Google Photos’ Object Removal is MIA Because It Got Deprioritized

Google wowed attendees at its I/O developer conference last week with a number of AI-powered photo technologies, including automatically colorizing black-and-white photos with one tap. But there’s one impressive feature teased at last year’s event that hasn’t arrived yet: object removal.

Google CEO Sundar Pichai drew oohs and ahhs and applause from the crowd at I/O last year by showing a brief teaser of Google Photos automatically removing the chain link fence obstructing the view in a photo of a youth baseball player.

The demo can be seen at 10:40 in this video of the 2017 keynote:

But that feature has yet to arrive in Google Photos, and there was no mention of it at all when the latest impressive AI features were demonstrated last week.

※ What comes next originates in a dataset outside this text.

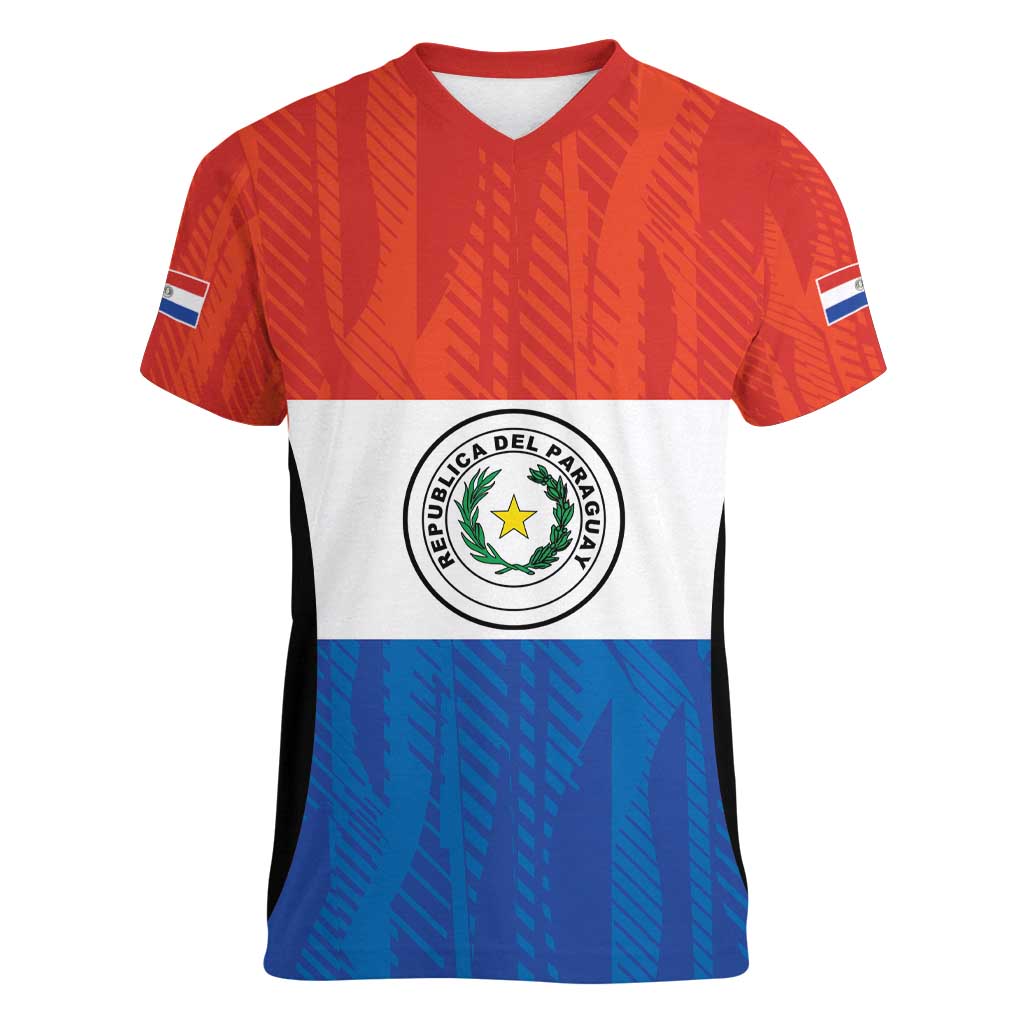 Paraguay Football Custom Women V-Neck T-Shirt Come On Albirroja with Flag Style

“Is this a case where the company’s vision-based machine learning powers finally ran into a wall?” wrote The Verge last week. “Maybe AI isn’t as good at filling in the missing pieces as Google initially expected it to be. Perhaps the results are lackluster compared to a human diligently working with the Clone Stamp tool.”

But XDA-Developers sat down with David Lieb and Ben Greenwood (Google Photos’ product lead and product manager, respectively) and asked them about this MIA feature. Their answer: the feature simply got deprioritized as other more important features showed up.

“While the technology is certainly available and can be deployed, the team approaches building their product by prioritizing what’s most important for people,” XDA-Developers writes. “Hence, the Photos team prioritized other applications of machine learning above this feature.”

There’s still no word on when or if Google plans to release object removal in Google Photos.